Contents


Preserving redundant VIOS configuration on production site with IBM Geographically Dispersed Resiliency solution

Retain redundant VIOS configuration during disaster recovery

Comments
1

What is IBM Geographically Dispersed Resiliency for Power Systems?

IBM® Geographically Dispersed Resiliency for Power Systems™ is an innovative disaster recovery (DR) solution announced in 2016, which provides a simplified and easy to deploy disaster recovery solution across two sites for virtual machines (VMs) running on IBM POWER7® or IBM POWER8® processor-based servers. Geographically Dispersed Resiliency is similar to VMware Site Recovery Manager and IBM GDPS® solutions for IBM z Systems®, and is part of the GDPS family of disaster recovery solutions. Because disaster recovery of applications and services is a key component to provide continuity for business, the IBM Geographically Dispersed Resiliency solution helps customers to have an automated DR process during a failure.

You can learn more about Geographically Disperse Resiliency for Power Systems at the following IBM developerWorks® wiki documents: Why GDR is the ideal DR solution for Power Systems and FAQ.

The controlling system (KSYS), is the fundamental component in the Geographically Dispersed Resiliency solution. The KSYS handles discovery, monitoring, notification, recovery, and verification aspects.

After the initial configuration is complete, the KSYS node discovers all the hosts that are managed by the Hardware Management Consoles (HMCs) in both active and the backup sites and displays the status. During discovery, the KSYS node monitors the discovery of all logical partitions (LPARs) or VMs in all the managed hosts within the selected site. The KSYS node collects the configuration information for each LPAR and displays the status.
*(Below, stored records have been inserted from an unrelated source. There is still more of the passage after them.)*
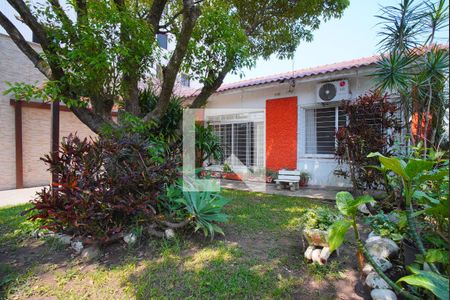 Casa à venda com 360m², 4 quartos e 4 vagasPátio - Fachada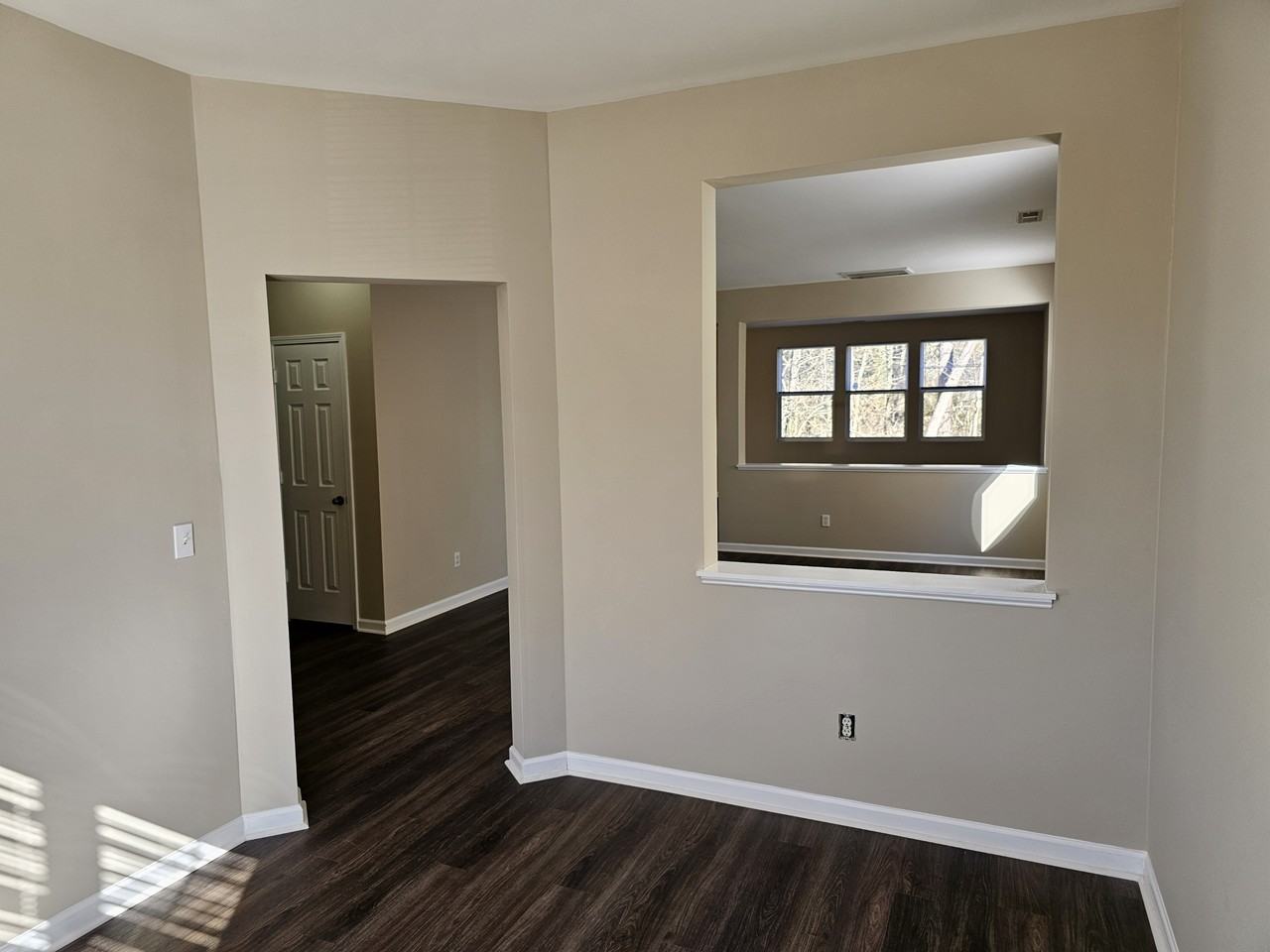 210 Knightwood Dr - Photo 7 of 31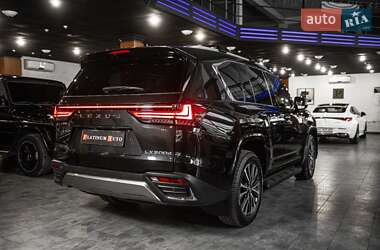 Внедорожник / Кроссовер Lexus LX 2022 в 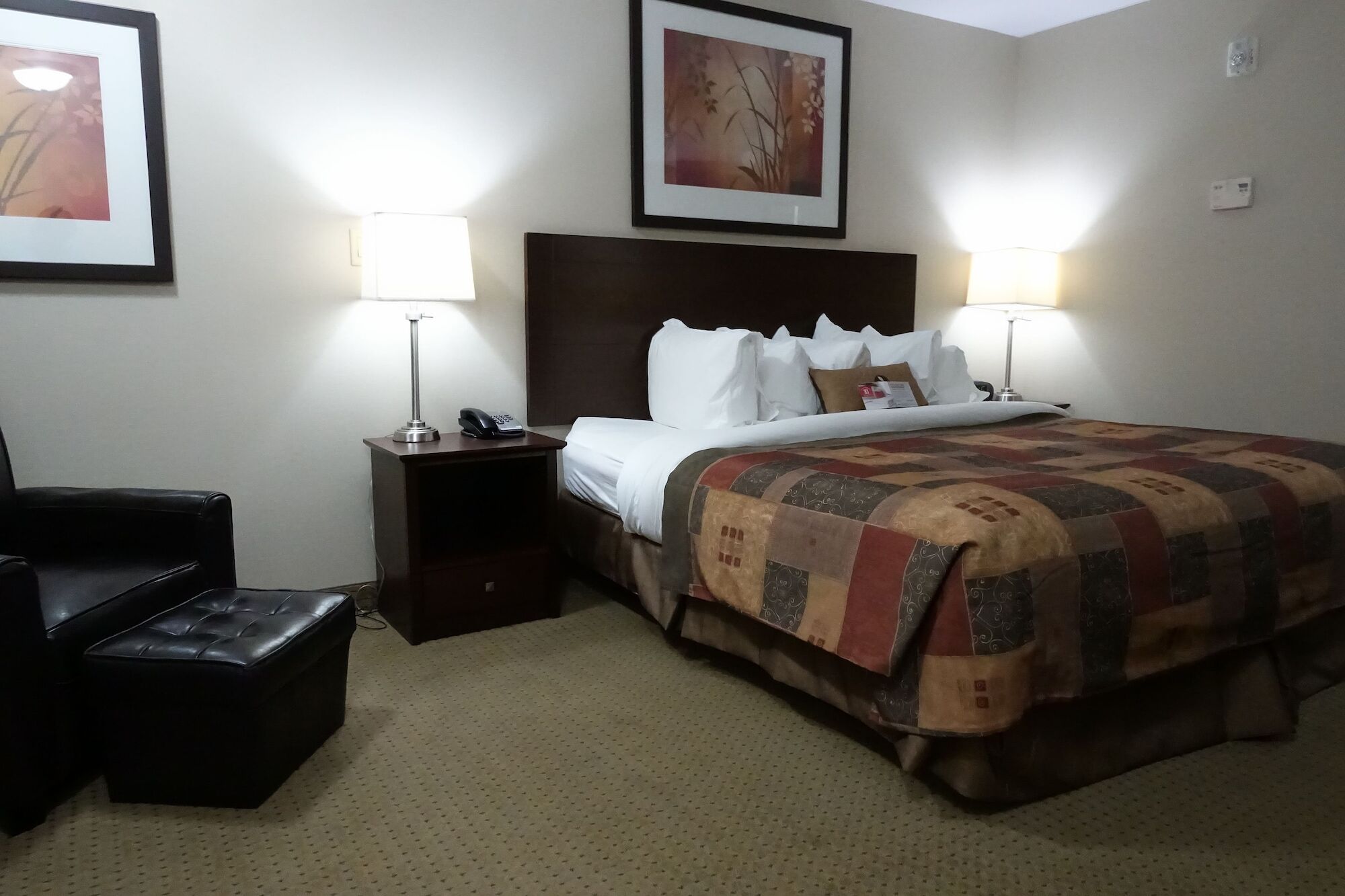 מלון Ramada By Wyndham Weyburn מראה חיצוני תמונה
The KSYS node discovers the disks of each VM and checks whether the VMs are configured currently for the storage devices mirroring.

After the discovery of the site is complete, the KSYS node fetches information from the HMC to check whether the backup site is capable of hosting the VMs during a disaster. The KSYS node also verifies storage replication-related details.

The Geographically Dispersed Resiliency solution supports both planned and unplanned disaster recovery methods.

  • Planned DR: In a planned move, an administrator initiates a move when there is no disaster event and the resources in the production site can be shut down gracefully. These types of operations are initiated mainly to perform a DR test drill, to move from one site to another, or when one of the sites needs to be taken offline for maintenance. In a planned move, automatic cleanup will be taken care by the controller system called the KSYS node.
  • Unplanned DR: In an unplanned scenario, whenever there is a failure or natural disaster, the admin will be notified about the disaster event with failure. Based on the situation, the admin can initiate an unplanned move. During an unplanned move, all virtual machines will be shut down abruptly and cleanup of virtual machine on production site won't be handled by KSYS. In that case, the admin must clean up virtual machines manually.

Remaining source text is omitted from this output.